I'm visualizing a scatterplots with between 400K and 2.5M points. I expectected to need to downsample before visualizing but to see just how much I ran a pilot test with a 400k dataset in plotly express, and the plot popped up quickly, beautifully, and responsively.
In order to make the interractive figure I really need to use plotly.graph_objects, as I need multiple traces with different colorscales, so I made basically the same graph with graph_objects and it wasn't just slower, it crashed my computer.
I'd really like to downsample as little as possible and I'm surprised by the sheer performance difference between these two approaches so I guess that boils down to my question:
Why is there such a performance difference and is it possible to change layout/figure/whatever parameters in graph_objects so to close the gap?

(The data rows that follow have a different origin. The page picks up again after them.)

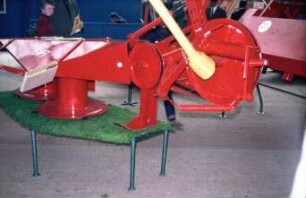 Fotografie: Futtererntetechnik, Trommelmähwerk, Heckanbau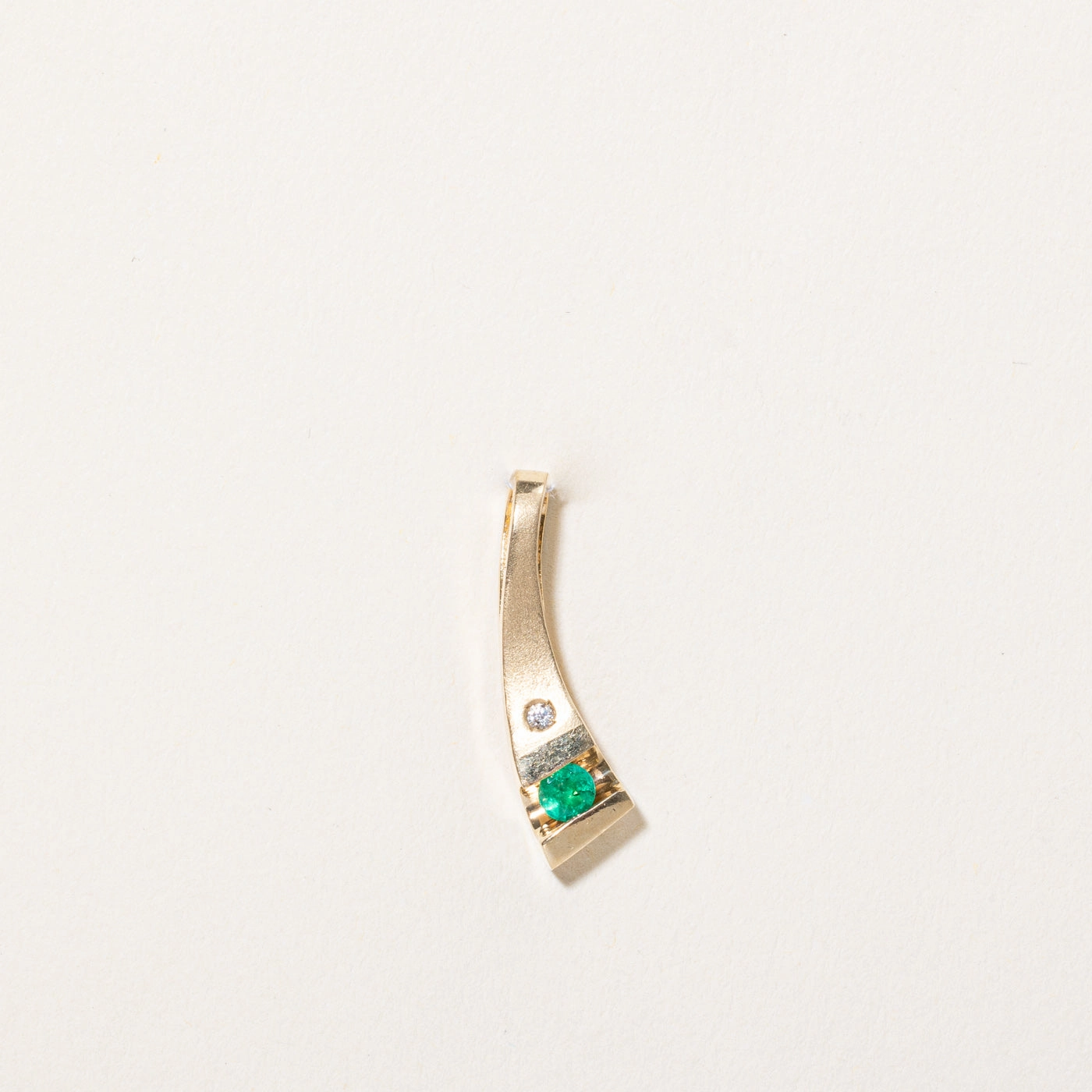 Emerald & Diamond Pendant | 0.12ct, 0.01ct | Fusion Form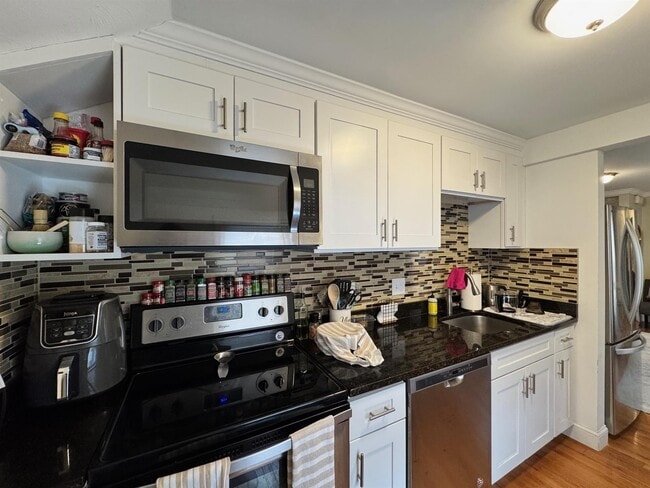 25 4th St, Unit 2 in Medford, MA - Foto de edificio - Building Photo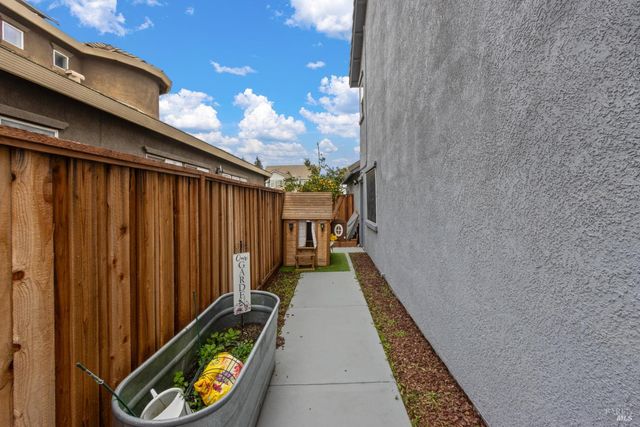 1783 Keesler Cir, Suisun City, CA 94585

Here is a snippet to show what I mean by basically the same graph:
graph_objects
fig = go.Figure()
fig.add_trace(go.Scatter(x = x_values, y = y_values, opacity = opacity, marker = {
'size': size,
'color': community,
'colorscale': colorscale
}))
express
pacmap_map = px.scatter(x = x_values, y = y_values, color_continuous_scale=colorscale, opacity = opacity, color = community)
pacmap_map.update_traces(marker = {
'size': size
})
I would have expected performance to either be identical or at least in the same ballpark, but express works like a dream and graph_objects crashes the jupyter kernel and whatever IDE it is running from, so a large difference.